# Setup

Like all things we need to first have a proper setup, meaning we would need to setup our LangChain API key and our LLM model API key setup. Also that we have enable the correct tracing to the correct project, so that way we can monitor correctly. 

In [1]:
import os
import getpass 
from dotenv import load_dotenv

load_dotenv(dotenv_path="../.env")


def _get_config(api_name: str):
    if api_name in os.environ:
        print(f"Using {api_name} from environment")
        return os.environ[api_name]
    else:
        print(f"{api_name} is not set in environments.")
        return getpass.getpass(f"Please enter your {api_name} API Key: ")



In [2]:
# Get LangSmith API Key 
LANGCHAIN_API_KEY = _get_config("LANGCHAIN_API_KEY")

# Get LLM Gemini 
GOOGLE_API_KEY = _get_config("GOOGLE_API_KEY")

# Set up tracing 
LANGCHAIN_TRACING_V2 = _get_config("LANGCHAIN_TRACING_V2")

# Set up a new project name
os.environ['LANGCHAIN_PROJECT']="RAG Application Dan Koe"
print(f"Using project: {os.environ['LANGCHAIN_PROJECT']}")

# Get User Agent for requests
USER_AGENT = _get_config("USER_AGENT")

Using LANGCHAIN_API_KEY from environment
Using GOOGLE_API_KEY from environment
Using LANGCHAIN_TRACING_V2 from environment
Using project: RAG Application Dan Koe
Using USER_AGENT from environment


Now that we have set up our project we will be using different function in order to get to actually get some responses. We will be basing our RAG based on the Dan Koe's websites where he would actually posts his letters. So we wil start by automating the ingestion process where we would be relying on [Documents Loader](https://python.langchain.com/docs/integrations/document_loaders/) by relying on SitemapLoader to discover all the articles without blindly guessing URLs. In order to best trace these component we will be using function and relying on the `@traceable` decorator.

In [3]:
import requests
import nest_asyncio
from langsmith import traceable 
from langchain_community.document_loaders import SitemapLoader
from langchain_core.documents import Document
from bs4 import BeautifulSoup



# Apply nest_asyncio to allow nested event loops
nest_asyncio.apply()

@traceable
def load_documents_from_sitemap(sitemap_url: str, filtered_urls: list):
    """
    A traceable function for discovering and loading all the articles from 
    a sitemap for specific posts URLS. 

    Args: 
    sitemap_url (str) : The URL of the sitemap to load documents from.
    filtered_urls (list) : A list of specific post URLs to filter the documents.
    
    Returns: 
    list: A list of loaded document objects.
    """
    # Sitemaper will automatically find and load all articles
    loader = SitemapLoader(
        web_path = sitemap_url, 
        filter_urls = filtered_urls
    )

    urls = [doc.metadata['source'] for doc in loader.load()]

    loaded_documents = []

    # Now, each URL neesds to be parsed
    for url in urls:
        try:
            # Fetching Webpages from our Sitemap and URLS we got
            response = requests.get(url, headers={"User-Agent": 'MyRAGBot/1.0'})
            response.raise_for_status()
            
            # Parsing our URL Parsing with BeautifulSoup 
            soup = BeautifulSoup(response.content, 'html.parser')
            main_content = soup.select_one('article .body')
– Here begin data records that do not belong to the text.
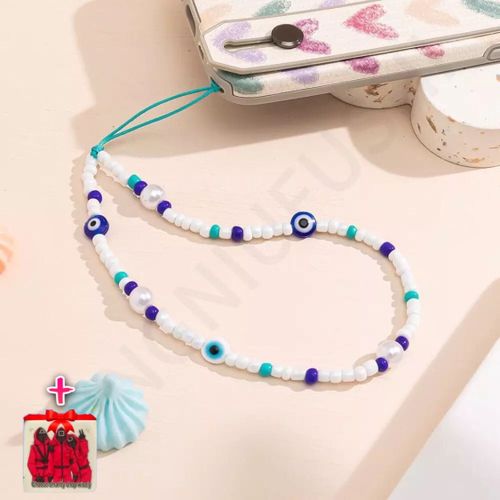 Lanière Strap Evil Eye Blue & white Perle + Sticker Choose
 Fiche Technique et Prix au Maroc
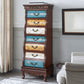16.77 Inch Width Traditional Storage Chest Solid Wood Dresser with 7 Drawers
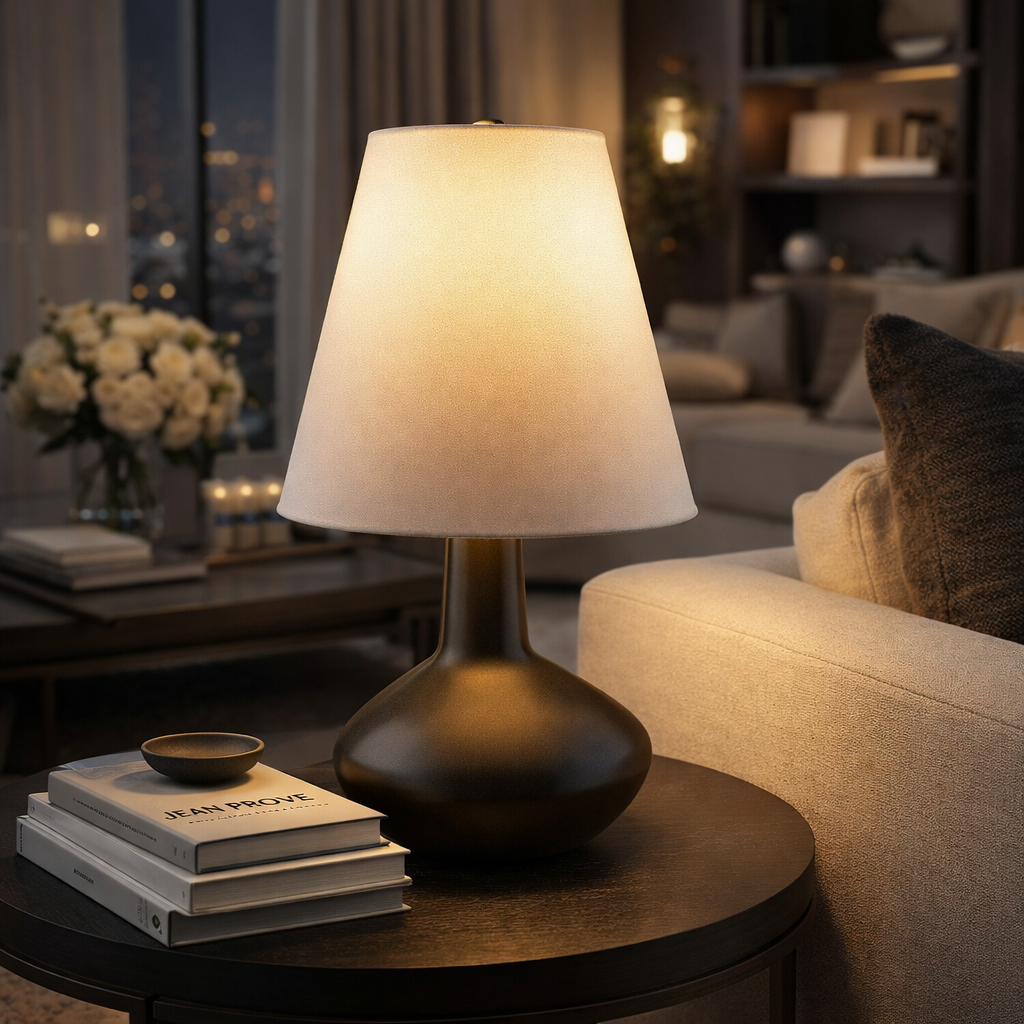 Modern European furniture - Tall Linen Shade Table Lamp - www.oroa.com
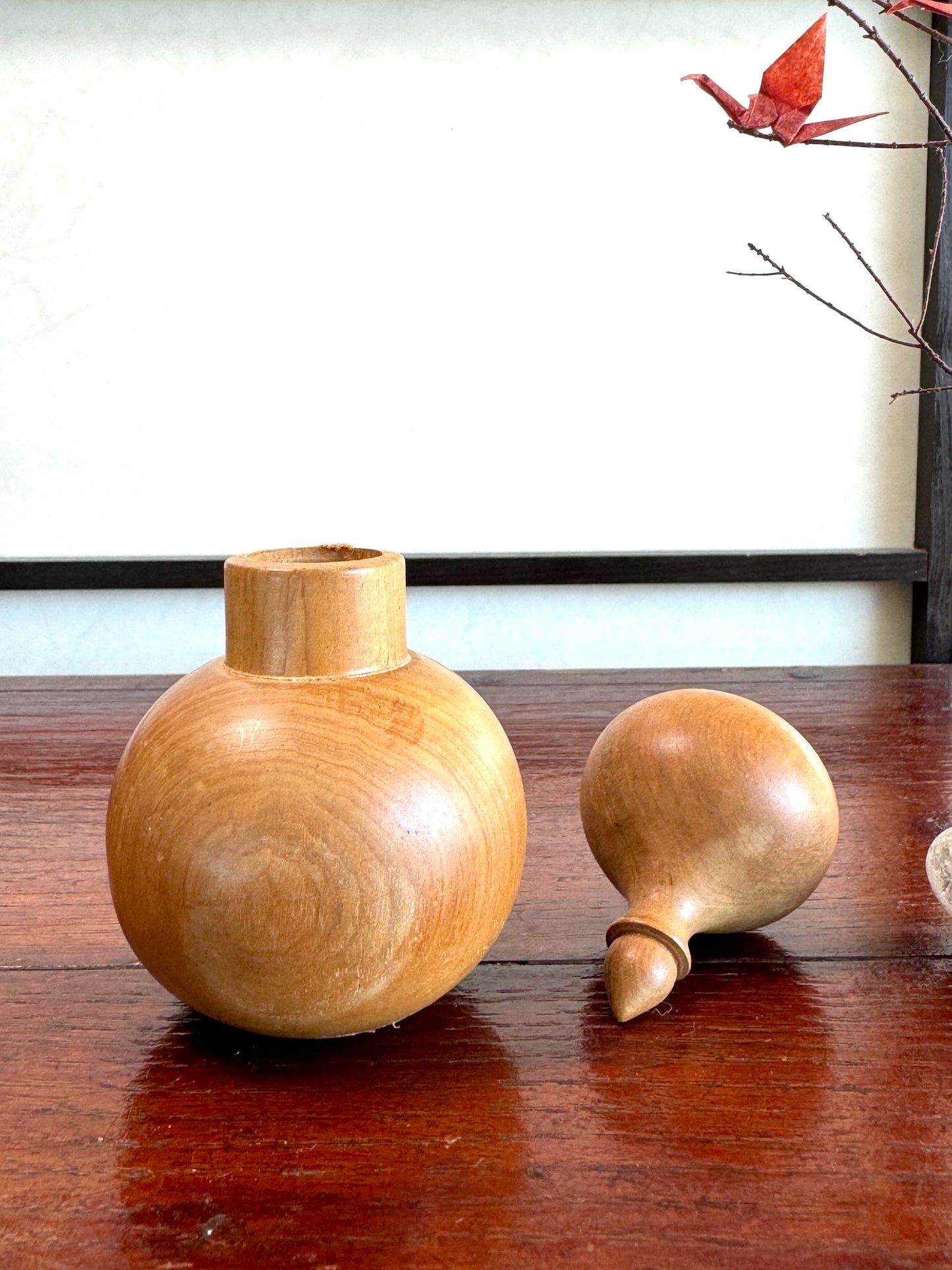 boite à épices en bois en forme de coloquinte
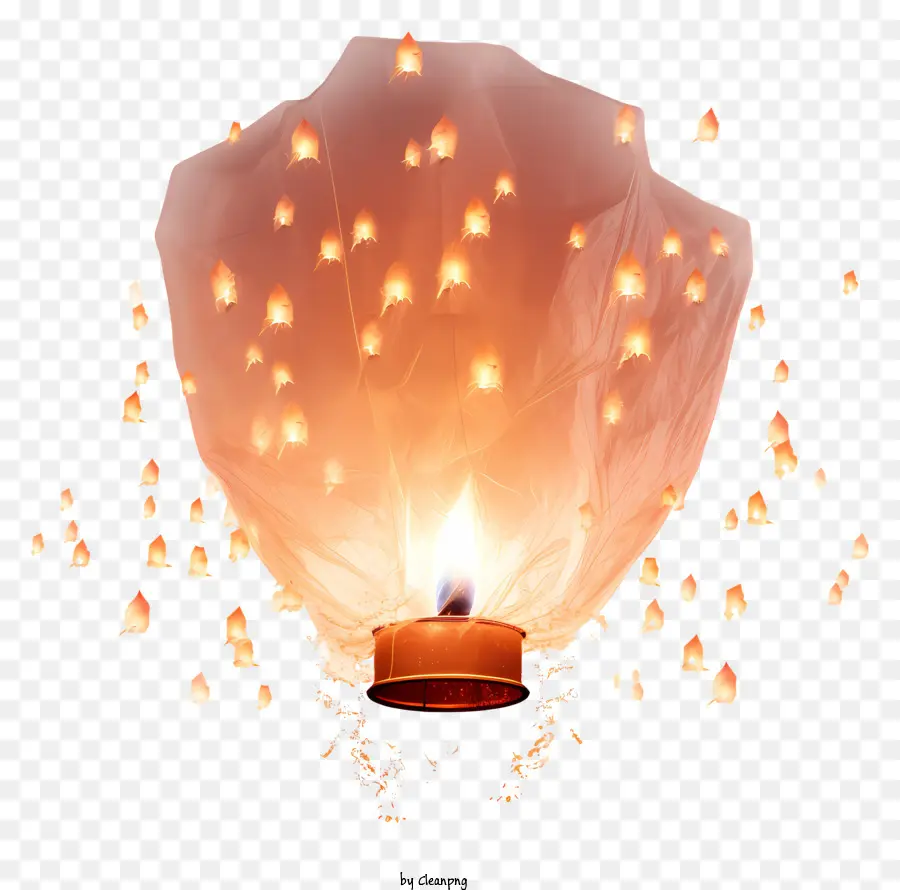 Balloon nến nổi lửa màu xanh và màu cam - Khinh khí cầu nổi với nến; 
minh bạch, thắp sáng, nhấp nháy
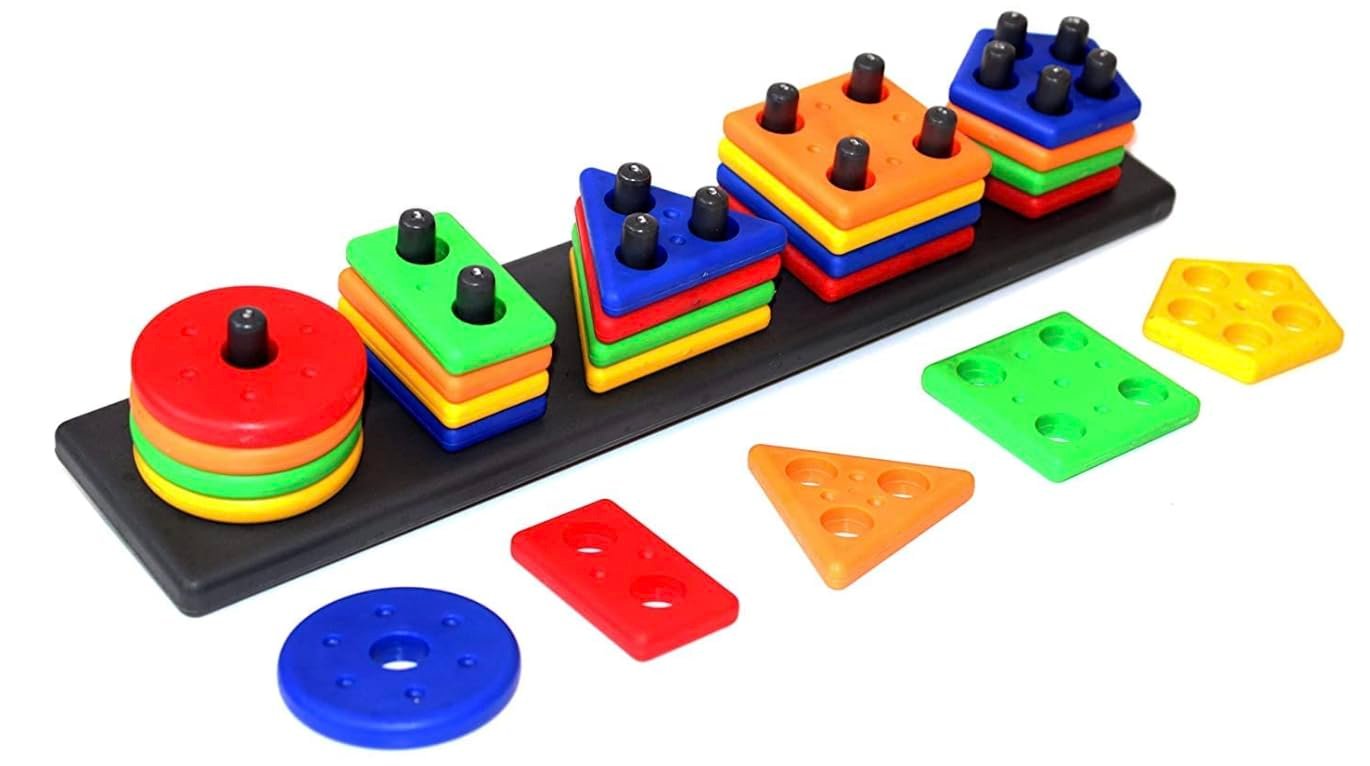 Promo Angle Geometric Plastic Blocks, Sorting & Stacking Toys for Toddlers and Kids, Color Stacker Shape Sorter Educational Learning Toy for 1-3 Years Old Boys and Girls,Multicolor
            # We extract and store our clean text 
            if main_content: 
                text = main_content.get_text(separator="\n", strip = True)
                loaded_documents.append(Document(page_content=text, metadata={"source": url}))

        except requests.RequestException as e:
            print(f"Error fetching {url}: {e}")

    # Sanity Check - Verify the number of loaded documents
    print(f"Loaded total of {len(loaded_documents)} documents")

    return loaded_documents


sitemap_url = "https://letters.thedankoe.com/sitemap.xml"
fecthed_url = ["https://letters.thedankoe.com/p"]


documents = load_documents_from_sitemap(sitemap_url, fecthed_url)


Fetching pages: 100%|##########| 43/43 [00:07<00:00,  5.47it/s]


Loaded total of 43 documents


In [4]:
# Sanity Check 
if documents: # A better way to check if the list is not empty
    print("\nHere are the first 5 URLs found in the sitemap:")
    for i in range(min(5, len(documents))):
        print(documents[i].page_content[:20])
else: 
    print("\nStill found 0 documents. There might be another problem.")


Here are the first 5 URLs found in the sitemap:
This letter is long.
This course was prev
Most creators will f
Before we begin, the
Most people aren't b


This means that we have fetched our documents, we have a total of 41 documents we are working with and just as a way to check that we have the correct content we have printed the the first 20 characters of our page content. So in the next step we would be chunking, this is nothing but creating a smaller content, more focused pieces of information than we require. 

We will reply on Text Splitter that would allow us to create turn the documents we have loaded into small yet precise retrieval that are large enough to contain complete and coherent thought.

In [5]:
from langchain.text_splitter import RecursiveCharacterTextSplitter
from langchain_core.documents import Document 


@traceable 
def split_documents(documents : list[Document]) -> list[Document]:

    """
    A @traceable decorated function that takes a list of documents and splits them into smaller, overlapping chunks. 

    Args: 
        documents (list[Document]): A list of Document objects to be split.

    Returns: 
        list[Documents] : A list of Document objects representing the split chunks.
    """

    # Recursively Splits Long Text into smaller, semantically meaningful chunks
    text_splitter = RecursiveCharacterTextSplitter(
        chunk_size = 1000, 
        chunk_overlap = 200, 
        add_start_index = True
    )

    # Split documents method works for chinking the documents 
    splits = text_splitter.split_documents(documents)

    # Sanity Check 
    print(f"Splitting Completed. Created a total of {len(splits)} chunks.")

    return splits

all_splits = split_documents(documents)

Splitting Completed. Created a total of 773 chunks.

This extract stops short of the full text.